[Short web captions]
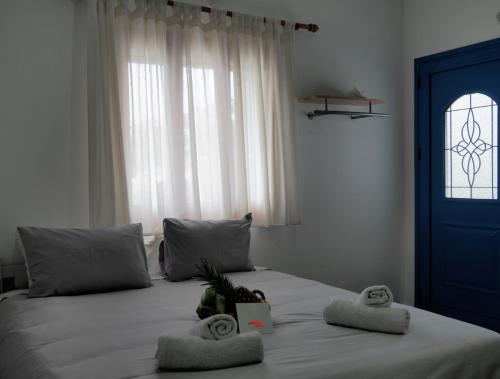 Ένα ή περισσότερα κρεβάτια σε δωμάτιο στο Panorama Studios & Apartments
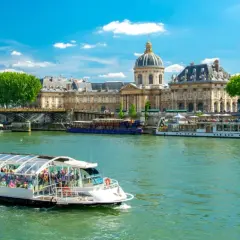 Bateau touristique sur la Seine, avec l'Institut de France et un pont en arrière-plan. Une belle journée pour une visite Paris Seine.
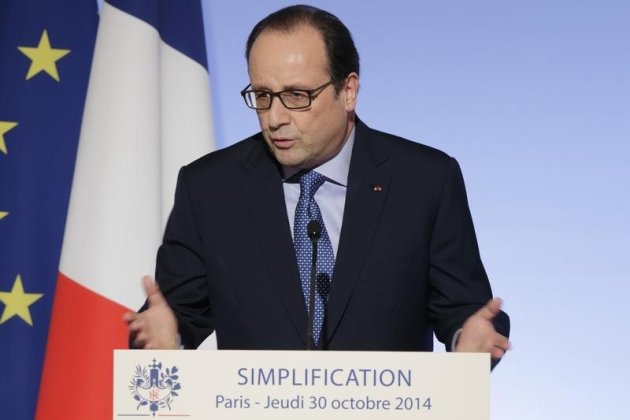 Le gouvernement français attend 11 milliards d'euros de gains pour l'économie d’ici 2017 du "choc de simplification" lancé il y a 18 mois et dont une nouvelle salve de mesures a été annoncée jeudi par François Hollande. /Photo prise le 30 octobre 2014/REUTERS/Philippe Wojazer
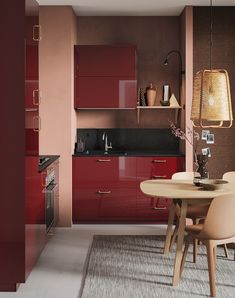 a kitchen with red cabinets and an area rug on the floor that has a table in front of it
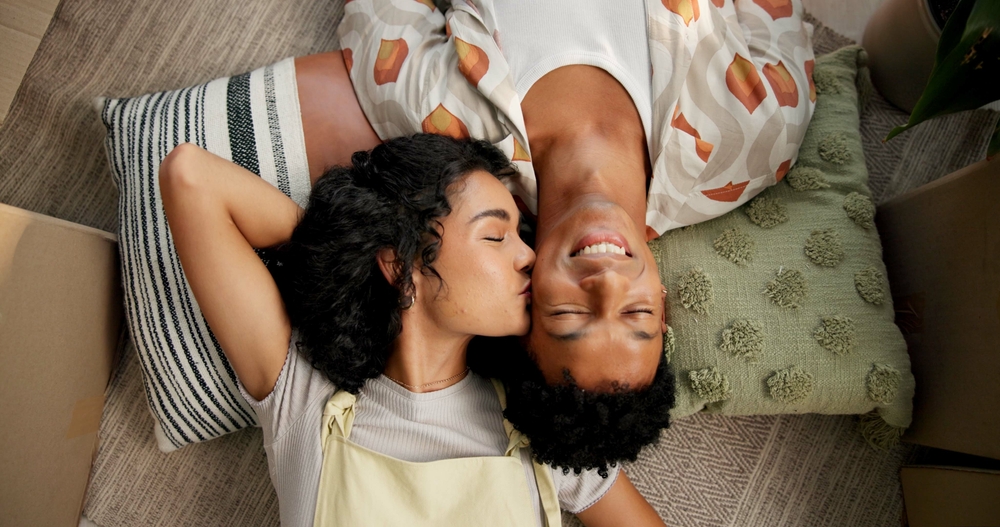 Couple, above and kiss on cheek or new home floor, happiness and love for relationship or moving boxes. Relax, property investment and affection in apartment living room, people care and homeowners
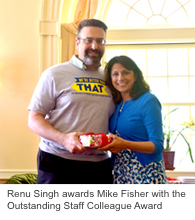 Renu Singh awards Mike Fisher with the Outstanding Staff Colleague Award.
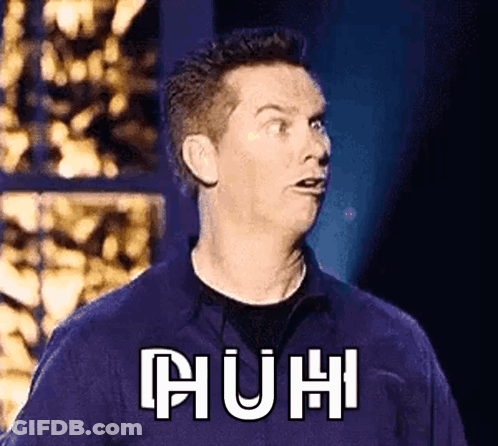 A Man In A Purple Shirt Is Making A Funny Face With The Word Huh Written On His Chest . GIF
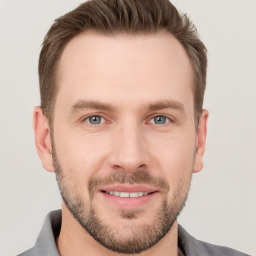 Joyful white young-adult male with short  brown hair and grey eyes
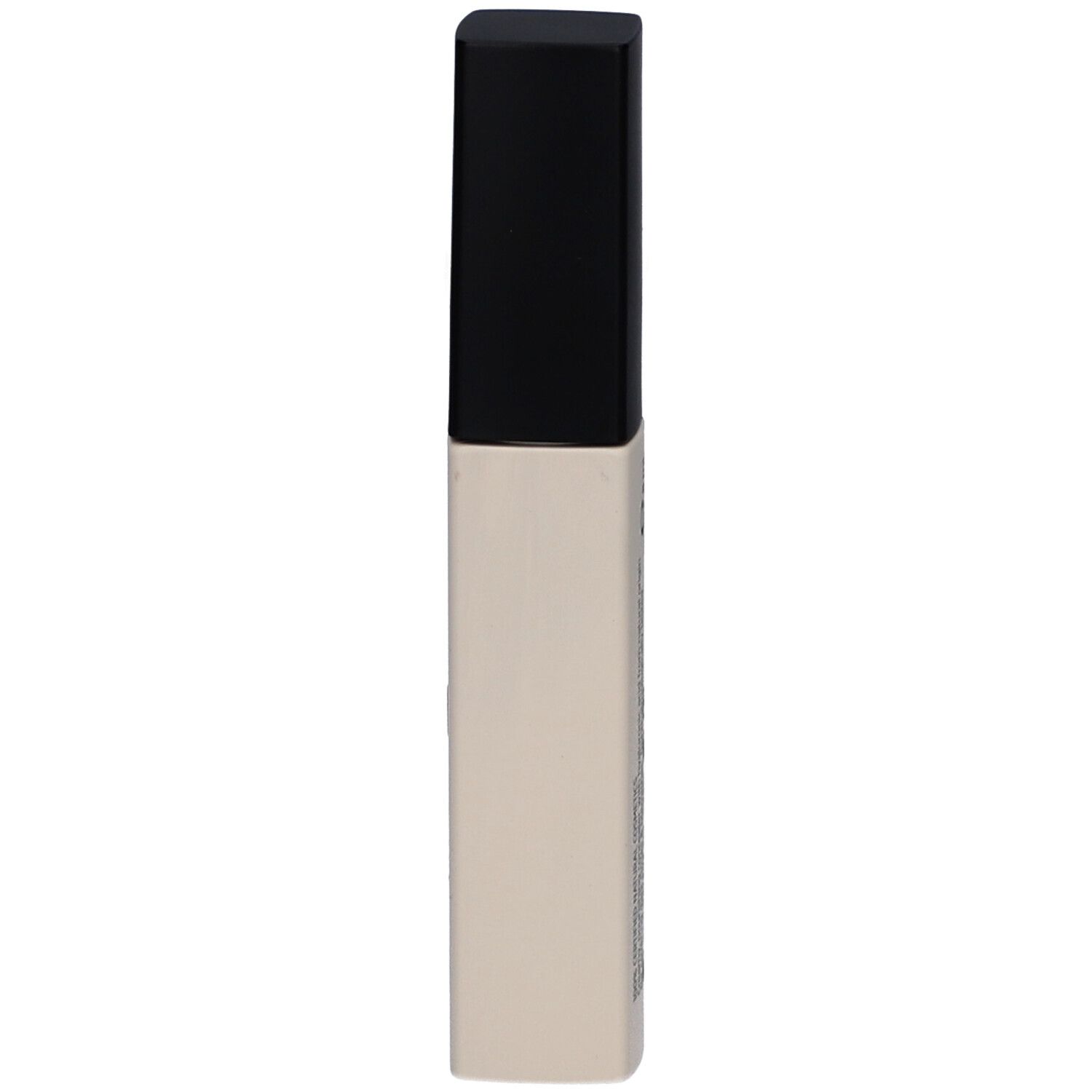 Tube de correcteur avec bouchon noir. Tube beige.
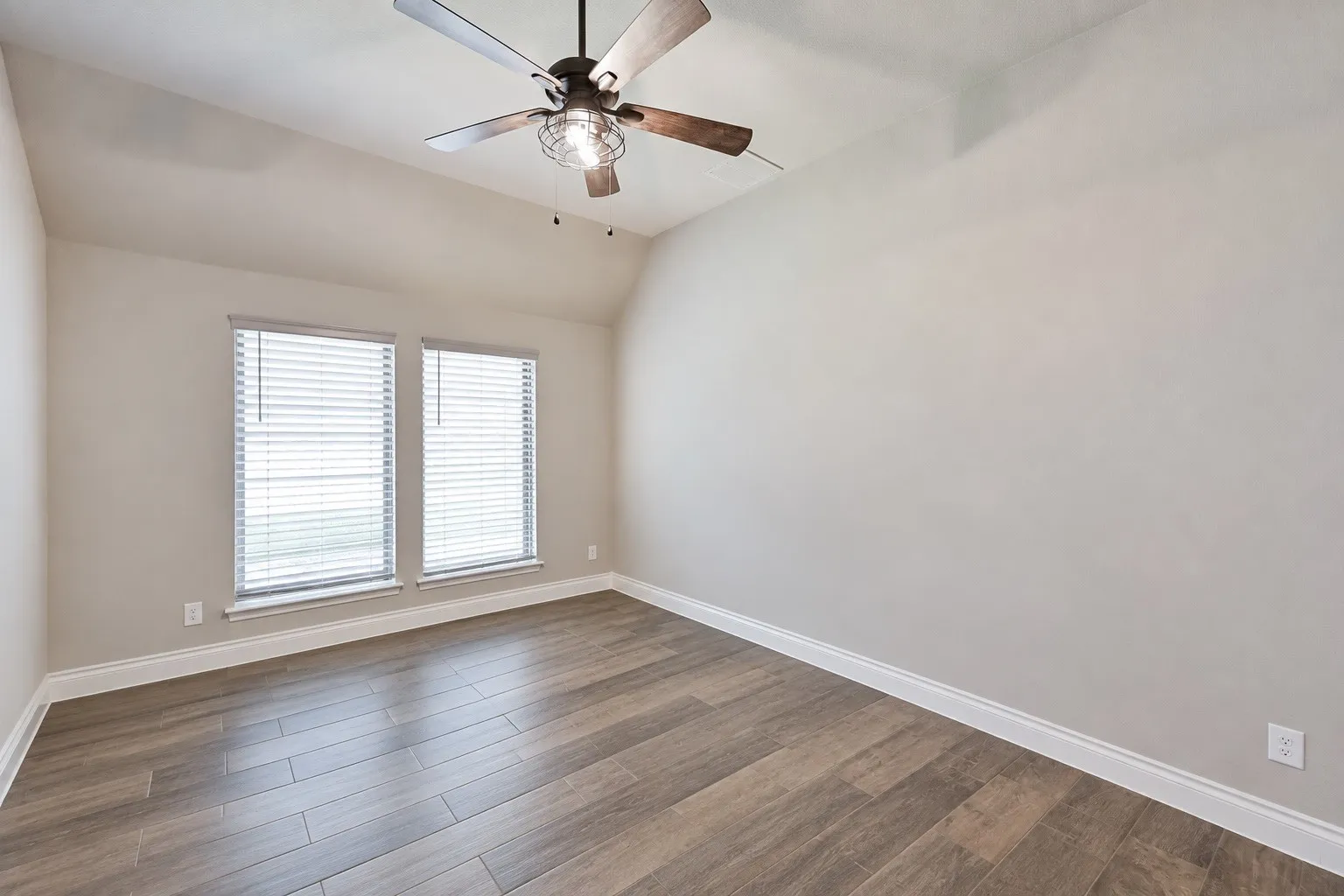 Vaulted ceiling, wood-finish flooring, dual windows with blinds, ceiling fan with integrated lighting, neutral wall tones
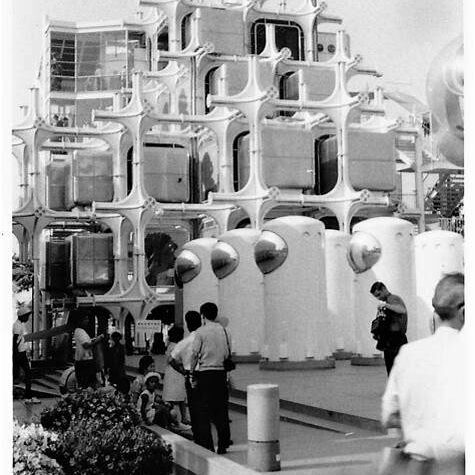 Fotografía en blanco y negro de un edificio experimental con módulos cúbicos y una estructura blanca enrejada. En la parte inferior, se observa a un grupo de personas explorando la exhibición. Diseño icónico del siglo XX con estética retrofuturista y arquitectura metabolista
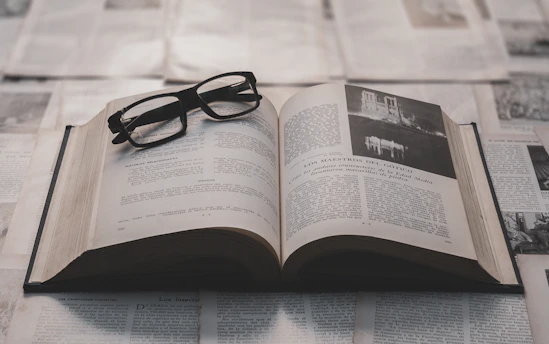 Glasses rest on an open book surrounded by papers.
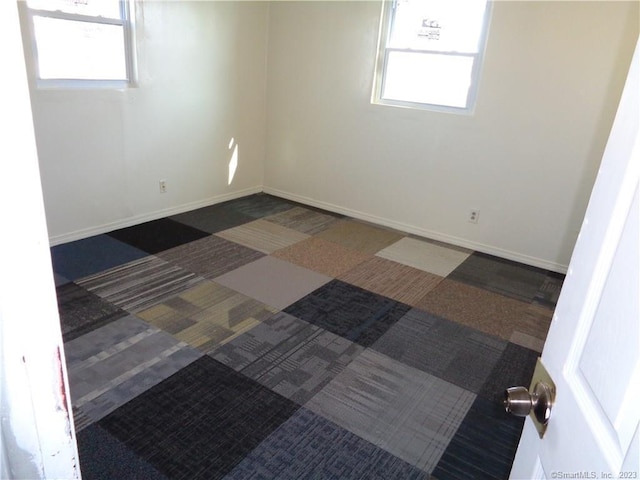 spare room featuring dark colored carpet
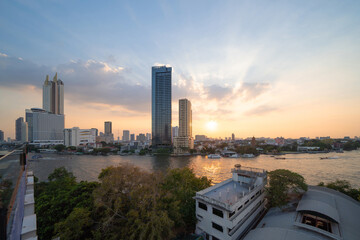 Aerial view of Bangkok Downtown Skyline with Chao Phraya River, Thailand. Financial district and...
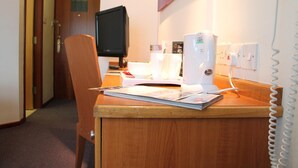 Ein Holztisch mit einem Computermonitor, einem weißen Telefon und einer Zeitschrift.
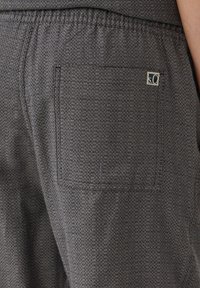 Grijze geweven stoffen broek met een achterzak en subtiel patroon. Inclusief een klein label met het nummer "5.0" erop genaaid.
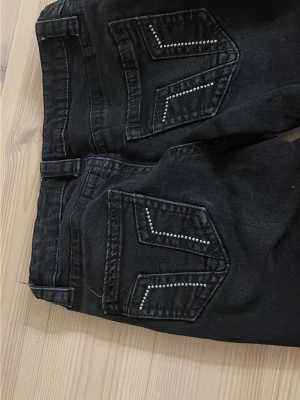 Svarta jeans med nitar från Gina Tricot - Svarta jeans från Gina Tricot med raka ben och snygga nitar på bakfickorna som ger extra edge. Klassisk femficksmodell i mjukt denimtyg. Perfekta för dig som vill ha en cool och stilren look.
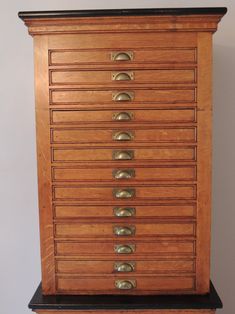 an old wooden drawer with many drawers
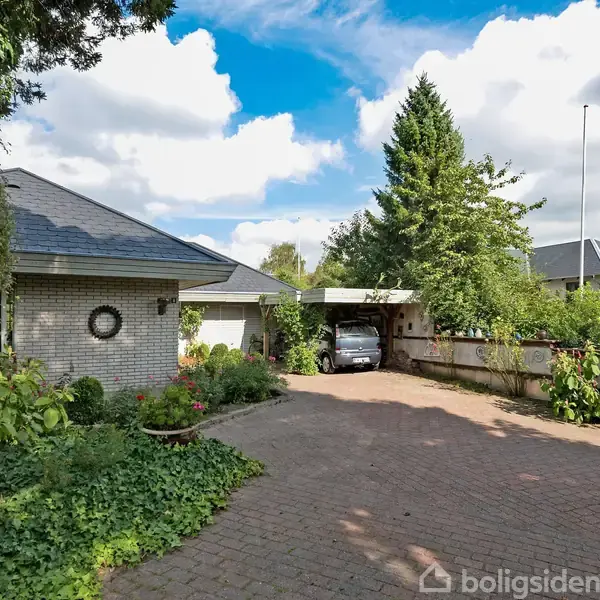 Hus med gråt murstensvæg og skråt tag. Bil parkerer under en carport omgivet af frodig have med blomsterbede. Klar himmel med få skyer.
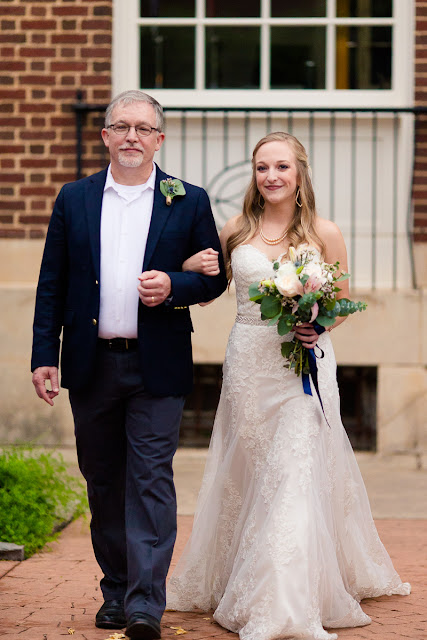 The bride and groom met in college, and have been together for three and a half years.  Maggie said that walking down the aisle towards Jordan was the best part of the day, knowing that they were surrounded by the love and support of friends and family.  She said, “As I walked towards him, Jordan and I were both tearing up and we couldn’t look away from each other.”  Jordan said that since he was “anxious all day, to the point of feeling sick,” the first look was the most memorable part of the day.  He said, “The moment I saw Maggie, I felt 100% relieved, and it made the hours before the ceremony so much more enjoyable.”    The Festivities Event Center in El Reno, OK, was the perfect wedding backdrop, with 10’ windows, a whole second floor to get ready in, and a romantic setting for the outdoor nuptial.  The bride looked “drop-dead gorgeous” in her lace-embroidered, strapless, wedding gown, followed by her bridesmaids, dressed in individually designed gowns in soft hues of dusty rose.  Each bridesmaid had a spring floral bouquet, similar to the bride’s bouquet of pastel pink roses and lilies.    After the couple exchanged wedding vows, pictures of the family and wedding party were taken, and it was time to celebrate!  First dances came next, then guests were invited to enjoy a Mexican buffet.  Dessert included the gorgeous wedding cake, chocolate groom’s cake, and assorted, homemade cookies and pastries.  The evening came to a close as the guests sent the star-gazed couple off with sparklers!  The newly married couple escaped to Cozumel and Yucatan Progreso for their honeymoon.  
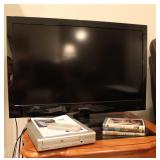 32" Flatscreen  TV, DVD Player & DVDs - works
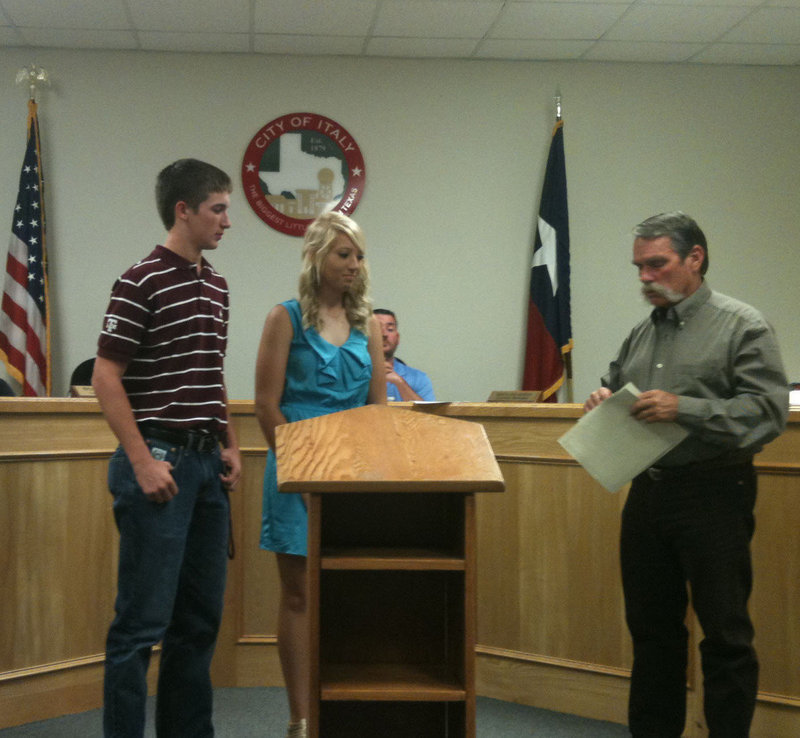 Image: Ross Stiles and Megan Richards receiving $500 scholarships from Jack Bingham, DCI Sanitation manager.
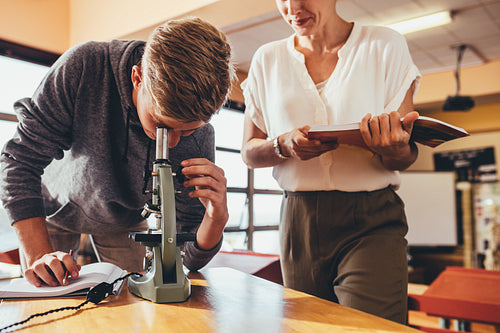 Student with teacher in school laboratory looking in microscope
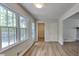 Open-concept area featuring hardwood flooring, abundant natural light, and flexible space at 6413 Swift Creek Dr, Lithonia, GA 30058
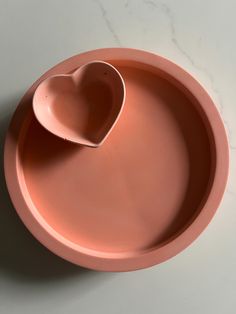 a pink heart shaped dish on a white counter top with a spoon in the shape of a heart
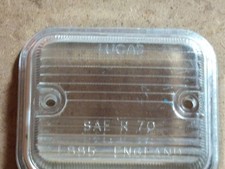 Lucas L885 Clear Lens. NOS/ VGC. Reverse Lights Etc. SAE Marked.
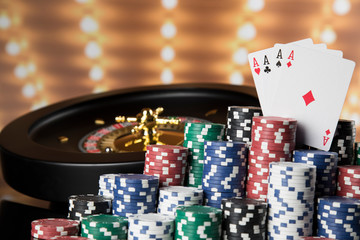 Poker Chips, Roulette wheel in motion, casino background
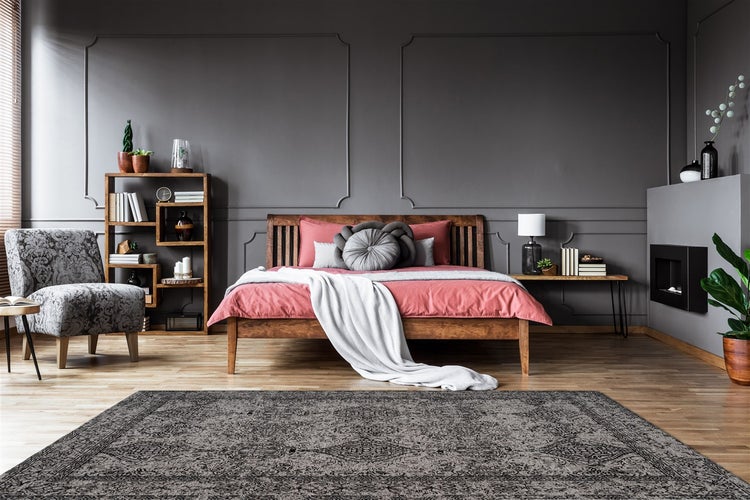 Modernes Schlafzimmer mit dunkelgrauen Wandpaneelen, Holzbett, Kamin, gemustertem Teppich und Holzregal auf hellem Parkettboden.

[Task description]: Repeat the records word for word. Leave out whatever pictures they hold.

[Output of the exercise]:
 Ένα ή περισσότερα κρεβάτια σε δωμάτιο στο Panorama Studios & Apartments
 Bateau touristique sur la Seine, avec l'Institut de France et un pont en arrière-plan. Une belle journée pour une visite Paris Seine.
 Le gouvernement français attend 11 milliards d'euros de gains pour l'économie d’ici 2017 du "choc de simplification" lancé il y a 18 mois et dont une nouvelle salve de mesures a été annoncée jeudi par François Hollande. /Photo prise le 30 octobre 2014/REUTERS/Philippe Wojazer
 a kitchen with red cabinets and an area rug on the floor that has a table in front of it
 Couple, above and kiss on cheek or new home floor, happiness and love for relationship or moving boxes. Relax, property investment and affection in apartment living room, people care and homeowners
 Renu Singh awards Mike Fisher with the Outstanding Staff Colleague Award.
 A Man In A Purple Shirt Is Making A Funny Face With The Word Huh Written On His Chest . GIF
 Joyful white young-adult male with short  brown hair and grey eyes
 Tube de correcteur avec bouchon noir. Tube beige.
 Vaulted ceiling, wood-finish flooring, dual windows with blinds, ceiling fan with integrated lighting, neutral wall tones
 Fotografía en blanco y negro de un edificio experimental con módulos cúbicos y una estructura blanca enrejada. En la parte inferior, se observa a un grupo de personas explorando la exhibición. Diseño icónico del siglo XX con estética retrofuturista y arquitectura metabolista
 Glasses rest on an open book surrounded by papers.
 spare room featuring dark colored carpet
 Aerial view of Bangkok Downtown Skyline with Chao Phraya River, Thailand. Financial district and...
 Ein Holztisch mit einem Computermonitor, einem weißen Telefon und einer Zeitschrift.
 Grijze geweven stoffen broek met een achterzak en subtiel patroon. Inclusief een klein label met het nummer "5.0" erop genaaid.
 Svarta jeans med nitar från Gina Tricot - Svarta jeans från Gina Tricot med raka ben och snygga nitar på bakfickorna som ger extra edge. Klassisk femficksmodell i mjukt denimtyg. Perfekta för dig som vill ha en cool och stilren look.
 an old wooden drawer with many drawers
 Hus med gråt murstensvæg og skråt tag. Bil parkerer under en carport omgivet af frodig have med blomsterbede. Klar himmel med få skyer.
 The bride and groom met in college, and have been together for three and a half years.  Maggie said that walking down the aisle towards Jordan was the best part of the day, knowing that they were surrounded by the love and support of friends and family.  She said, “As I walked towards him, Jordan and I were both tearing up and we couldn’t look away from each other.”  Jordan said that since he was “anxious all day, to the point of feeling sick,” the first look was the most memorable part of the day.  He said, “The moment I saw Maggie, I felt 100% relieved, and it made the hours before the ceremony so much more enjoyable.”    The Festivities Event Center in El Reno, OK, was the perfect wedding backdrop, with 10’ windows, a whole second floor to get ready in, and a romantic setting for the outdoor nuptial.  The bride looked “drop-dead gorgeous” in her lace-embroidered, strapless, wedding gown, followed by her bridesmaids, dressed in individually designed gowns in soft hues of dusty rose.  Each bridesmaid had a spring floral bouquet, similar to the bride’s bouquet of pastel pink roses and lilies.    After the couple exchanged wedding vows, pictures of the family and wedding party were taken, and it was time to celebrate!  First dances came next, then guests were invited to enjoy a Mexican buffet.  Dessert included the gorgeous wedding cake, chocolate groom’s cake, and assorted, homemade cookies and pastries.  The evening came to a close as the guests sent the star-gazed couple off with sparklers!  The newly married couple escaped to Cozumel and Yucatan Progreso for their honeymoon.  
 32" Flatscreen  TV, DVD Player & DVDs - works
 Image: Ross Stiles and Megan Richards receiving $500 scholarships from Jack Bingham, DCI Sanitation manager.
 Student with teacher in school laboratory looking in microscope
 Open-concept area featuring hardwood flooring, abundant natural light, and flexible space at 6413 Swift Creek Dr, Lithonia, GA 30058
 a pink heart shaped dish on a white counter top with a spoon in the shape of a heart
 Lucas L885 Clear Lens. NOS/ VGC. Reverse Lights Etc. SAE Marked.
 Poker Chips, Roulette wheel in motion, casino background
 Modernes Schlafzimmer mit dunkelgrauen Wandpaneelen, Holzbett, Kamin, gemustertem Teppich und Holzregal auf hellem Parkettboden.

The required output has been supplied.